How do analytical prot microarrays work?
- Ab arrays aimed at a set of target prots
- typically used to measure exp level and binding affinities of prots
How do functional prot microarrays work?
- reqs exp prots from all ORFs
- prots are tagged (eg. His tags or TAP tags) and attached to a coated glass slide
- investigate prot-prot, prot-ligand (lipid, DNA, drug, peptide) and prot-cell interactions
How do reversed phase prot microarrays work?
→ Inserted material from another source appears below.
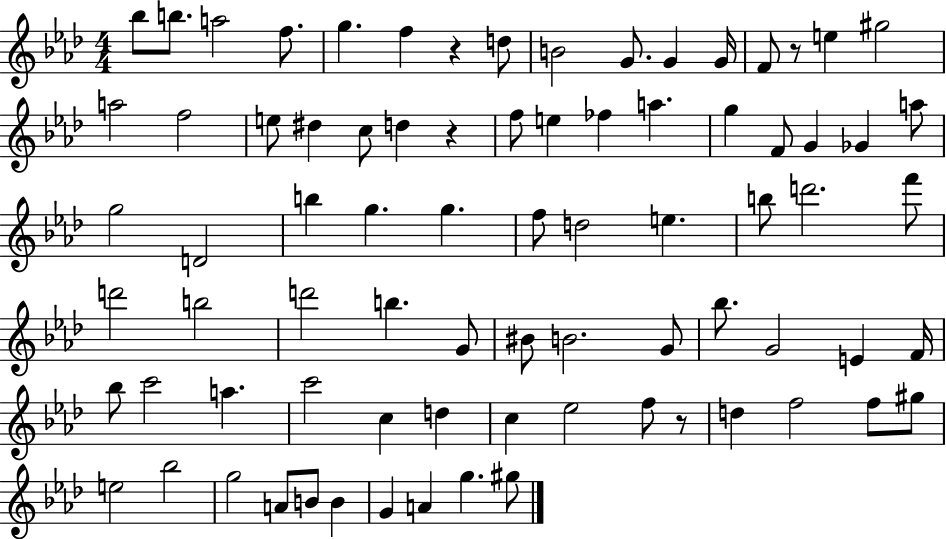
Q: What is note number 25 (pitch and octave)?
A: G5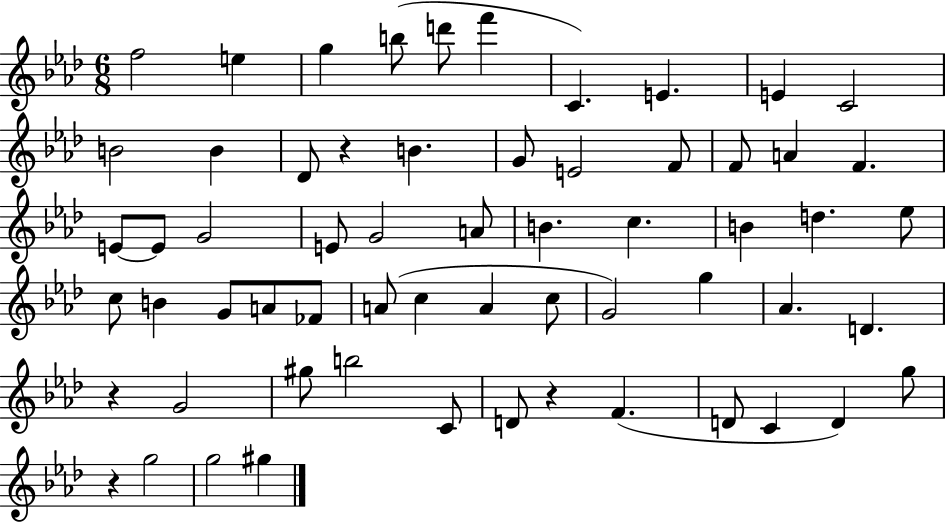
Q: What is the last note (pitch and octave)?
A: G#5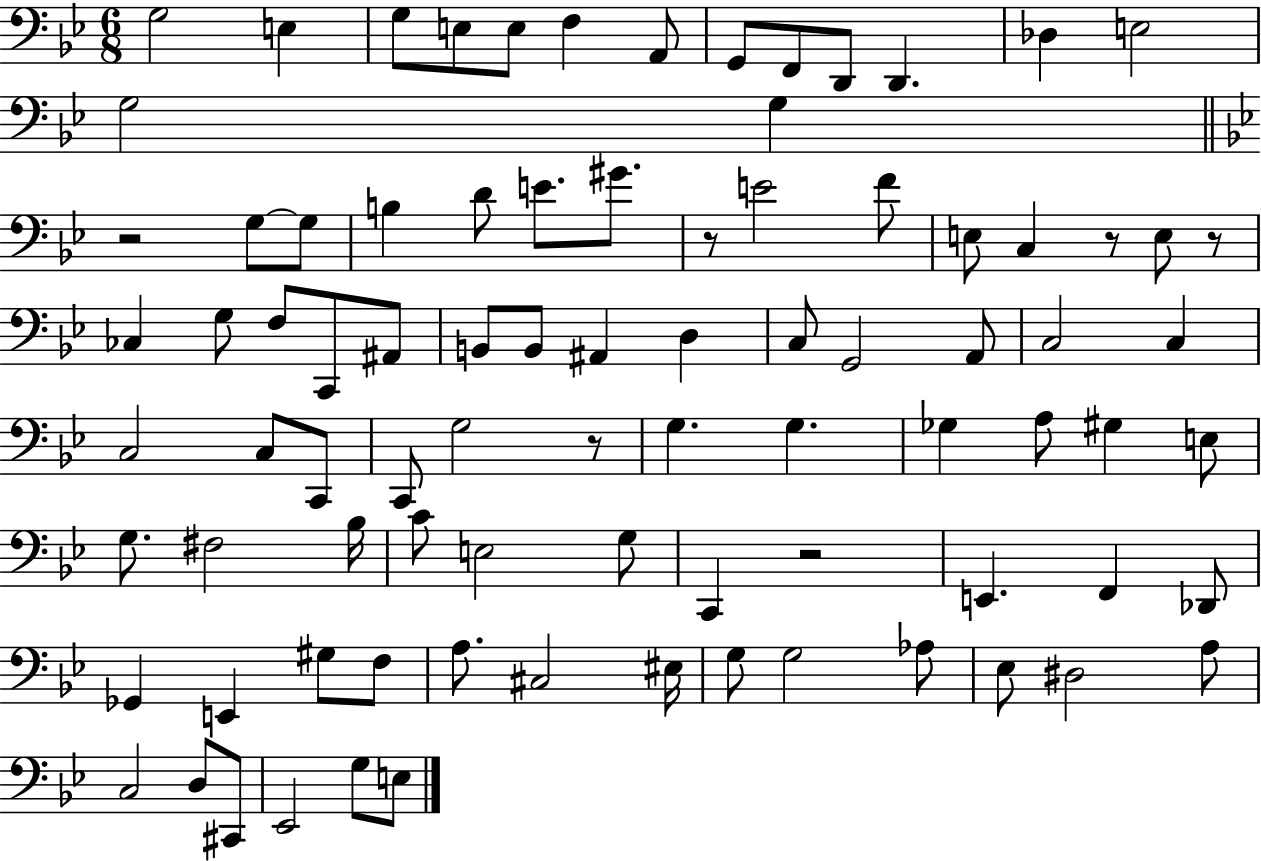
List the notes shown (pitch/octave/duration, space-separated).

- arrays of complex mixtures such as cell lysates arrayed on nitrocellulose slide, probed w/ Abs against target prots
- then Abs detected w/ fluorescent/chemiluminescent/colorimetric assays
- for quantification reference peptides printed on slides
What is protein-omics?
- use of Ab approach to utilise high sensitivity of Abs to target systems w/ the breadth of mass spectromic methods
What are the diff types of protein-omic experiments and how do they involve?
- forward phase array = simple binding of target prot(s) carrying reporter
- sandwich array = binding of prot(s) to which 2nd reporter labelled Ab binds, must prod 2nd Ab to another epitope so is more complex
- reverse phase array = more elaborate, prots attached to chip and probed w/ 1° and 2° reporter labelled Ab
- micro western array = mini gels probed w/ labelled Ab, v complex to manufacture and expensive, but is feasible
What are the ErbB prots and what is their role?
- epidermal GF receptors
- initiate signalling networks for migration, adhesion, growth and apoptosis
What residues do ErbB prots contain and what is the significance of this?
- phosphorylated tyrosine residues
- human genome contains 153 doms (SH2 or pTB) identified as likely to bind phos tyrosine --> so may interact w/ 1 or more of these prots
What was the aim a paper probing ErbB receptor binding?
(Jones et al. 2006)
- using prot microarrays to get a global pic of phosphorylated tyr binding sites
How was ErbB receptor binding investigated experimentally to get saturation curves? (Jones et al. 2006)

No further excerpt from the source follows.